都市部を中心に、大きな社会問題となった認可保育園の待機児童。2011年4月では、4年ぶりに待機児童数は減少しました(厚生労働省発表・全国)。しかし、保育園の在籍児童数は年々増加し、子どもを預けたいニーズは高まり続けています。
ベネッセ次世代育成研究所では、待機児童の多い首都圏の母親を対象に、2009年から毎年、保育園への入園の実態を調査し、3ヵ年の変化をまとめました。 今年は、幼稚園や認可外保育施設など、預け先がより多様になったことがわかりました。 さらに、今回は、保護者が保育施設について重視していることもききました。

調査対象

各年(2009/2010/2011)の4月入園に向けて、認可保育園に入園申請をした母親

有効回答数

2009年:720人
2010年:836人
2011年(今回調査):967人

調査時期

2009年9月
2010年7月
2011年10月

調査地域

東京・神奈川・埼玉・千葉

調査方法

インターネット調査

調査項目

保育園入園申請・利用の実態、入園申請に向けての行動や意識、働いている理由など。
<2011年のみ> 保育施設について重要視していること・子どもを預けることについての考え・保育制度へのニーズ

調査監修

恵泉女学園大学大学院教授 大日向雅美

設計・分析

高岡純子(ベネッセ次世代育成研究所 主任研究員)
松本留奈(ベネッセ次世代育成研究所 研究員)
持田聖子(ベネッセ次世代育成研究所 研究員)

3ヵ年の調査結果から見えてくること

3ヵ年の調査結果サマリー

 2009年4月は待機児童数が2万人を超え、大きな社会問題となった。

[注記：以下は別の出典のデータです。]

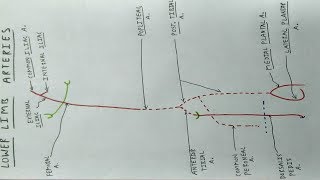 Lower Limb Arteries  Part 1  Femoral Popliteal Tibial Artery  TCML [upl. by Calvin]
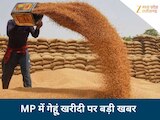 MP के चार संभागों में 1 अप्रैल से होगी गेहूं खरीदी, छुट्टी के दिन खुलेंगे केंद्र
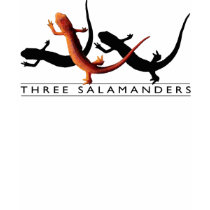 Three Salamanders Ladies' Tee t-shirts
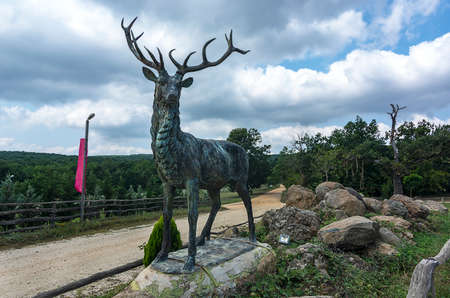longoz forests in Igneadaの写真素材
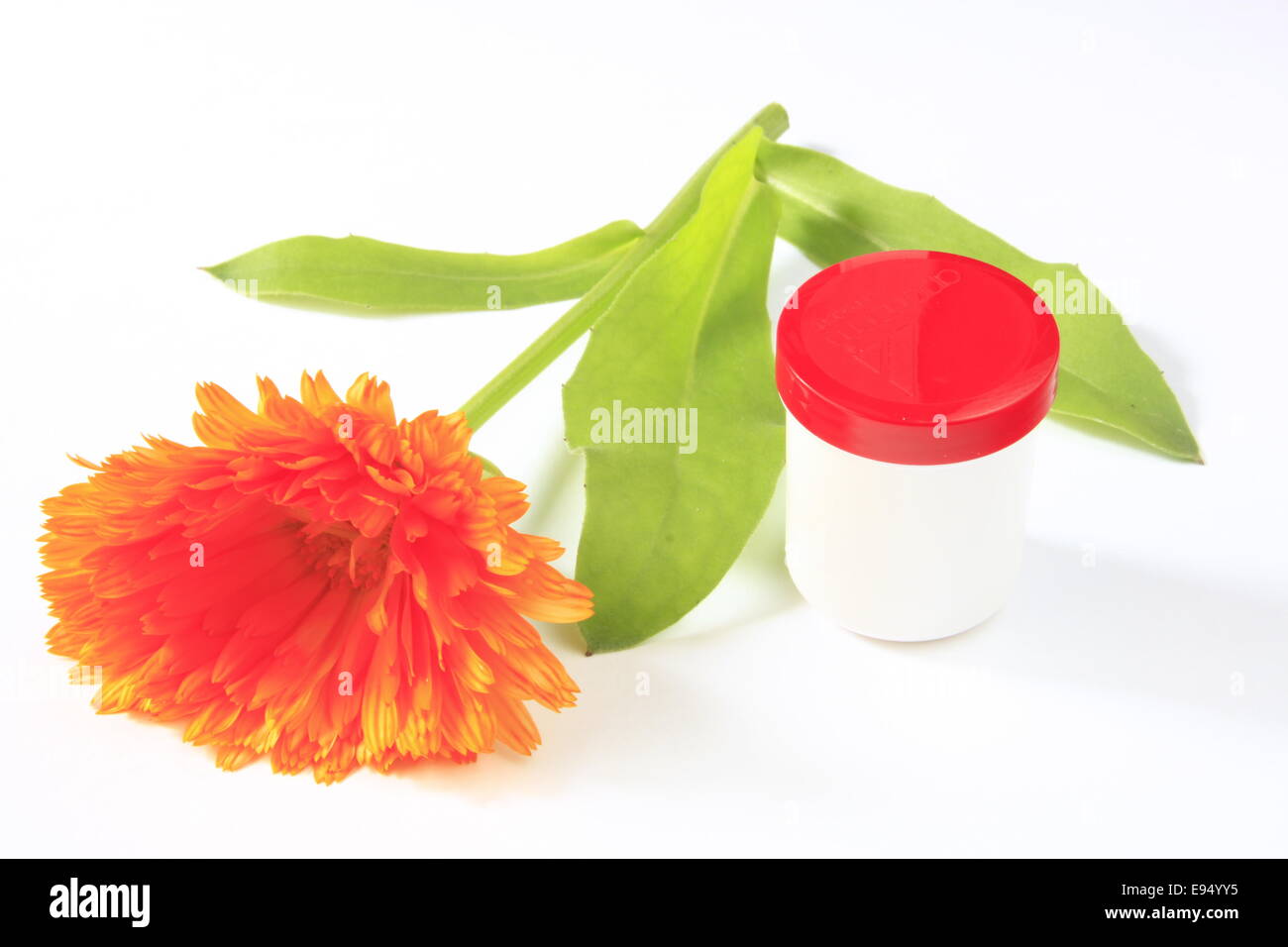 Tagete - Calendula officinalis - Foto Stock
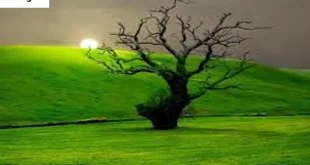 بلا-310x165 احاديث معصومين عليهم السلام ادعيه و اذكار حرز پیامبر اکرم (ص) برای دفع جمیع بلا دستورالعمل و نسخه مجرب دعا دعا و ختم مجرب دعای حاجت روایی 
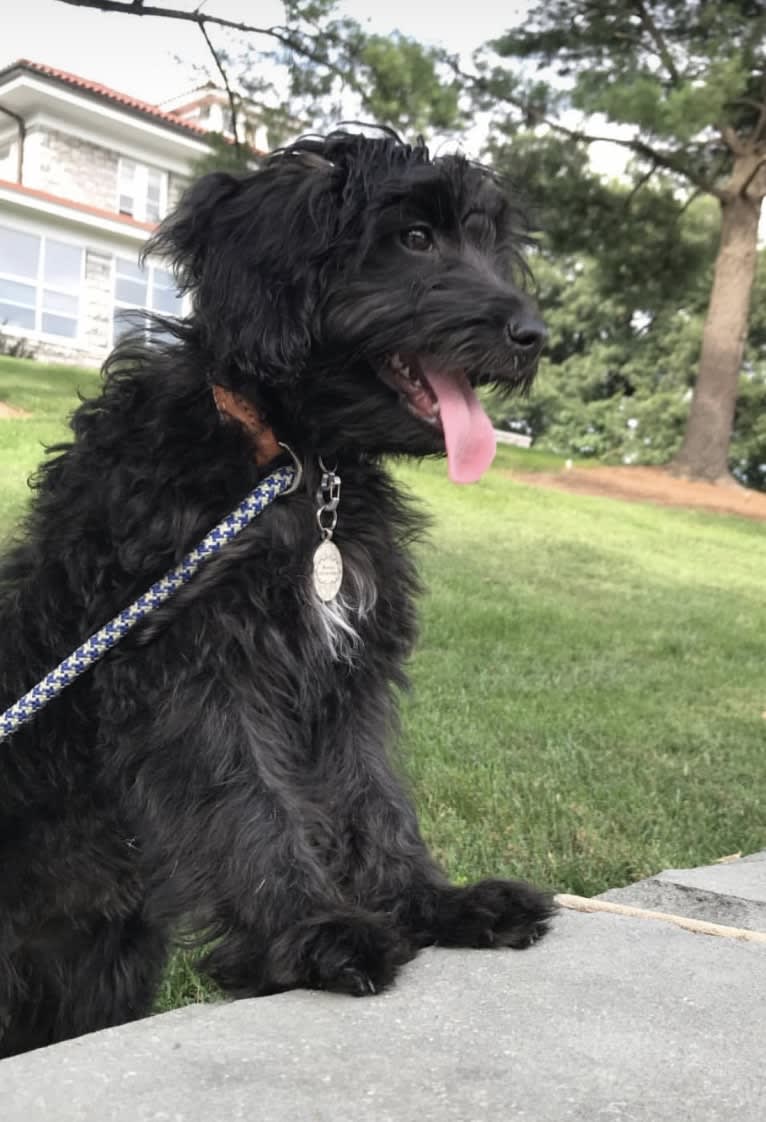 Bluebonnet, a Poodle (Small) and American Pit Bull Terrier mix tested with EmbarkVet.com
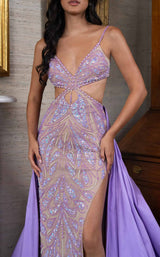 17 of 18 Rachel Allan 70929 Dress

その年に行った第1回調査では、入園申請をした母親の約半数が子どもを認可保育園に入れることができず、どこにも預け先がなかった母親の56%が就労を諦めたという厳しい現状が明らかになった。自治体もさまざまな緊急待機児童解消施策を行った。
 2010年に実施した第2回調査では、認可外保育施設への入園割合が増え、待機児童解消施策として自治体が誘致を進めた認可外保育施設が待機児童の救済になっていることがうかがわれた。回答者の自由回答からも、待機児童への危機感や、育児休業を早く切り上げるなど、入園しやすくするための活動の工夫がみられた。
 2011年の第3回調査では、パートタイム就労者などの母親が幼稚園に預けている割合が増加した。母親の働き方や、子どもの年齢によっては、認可保育園以外の預け先が広がったといえる。自治体の中でも、母親の働き方に合わせた預け先をコーディネイトする施策を行うところもある。
 保育所利用率が上昇を続ける中、待機児童対策は、卒園後の学童保育所の整備も含めた長期的な展望で行うべきであり、また母親の働き方に応じた預け先の相談やマッチングをしたりすることが有益ではないだろうか。

専門のお立場から

 厚生労働省の発表では全国の待機児童数が4年ぶりに減少しているが、首都圏の待機児童問題がおさまったとはいえないことを本調査結果は示している。3カ年を通して子どもの預け先が決まらないために、就労継続や再就職を断念した母親が6割近くに及んでいる。認可保育園入園は37.5%に過ぎず、3年前と比べて10ポイント近く減少している。少子化の進行が近い将来、労働力不足を招くことは不可避の事実であり、社会保障の持続可能性の観点からも、女性の就労継続に向けた環境整備は喫緊課題である。
 そうした中、幼稚園への入園が増加していることが、従来にない新たな傾向として注目される。子どもが小さい時は短時間勤務を希望する母親が増えたとする解釈もあろう。しかし、長引く不況の影響で就労環境が厳しさを増す中、待機児童問題が壁となって、パートタイマーが増えたことも考えられる。事実、幼稚園では4時間保育の他に預かり保育を実施している園が大半である。また2歳児から入園を受け入れていると思われる結果も示されている。幼稚園に待機児童問題解決に向けた役割を期待するとすれば、預かり保育等に児童福祉法上の保育の保障が必要であろう。一方、子どもが保育施設で集団生活を送ることが子どもの発達に好影響を及ぼすと考える母親が増加しており、同時に保育者の対応をはじめとした保育の質を重視する傾向が顕著となっていることも、今回の調査で注目される点である。就学前の子どもの発達環境の整備が、母親が安心して働き続けるための必須要件でもあることを、改めて考えさせられる調査結果である。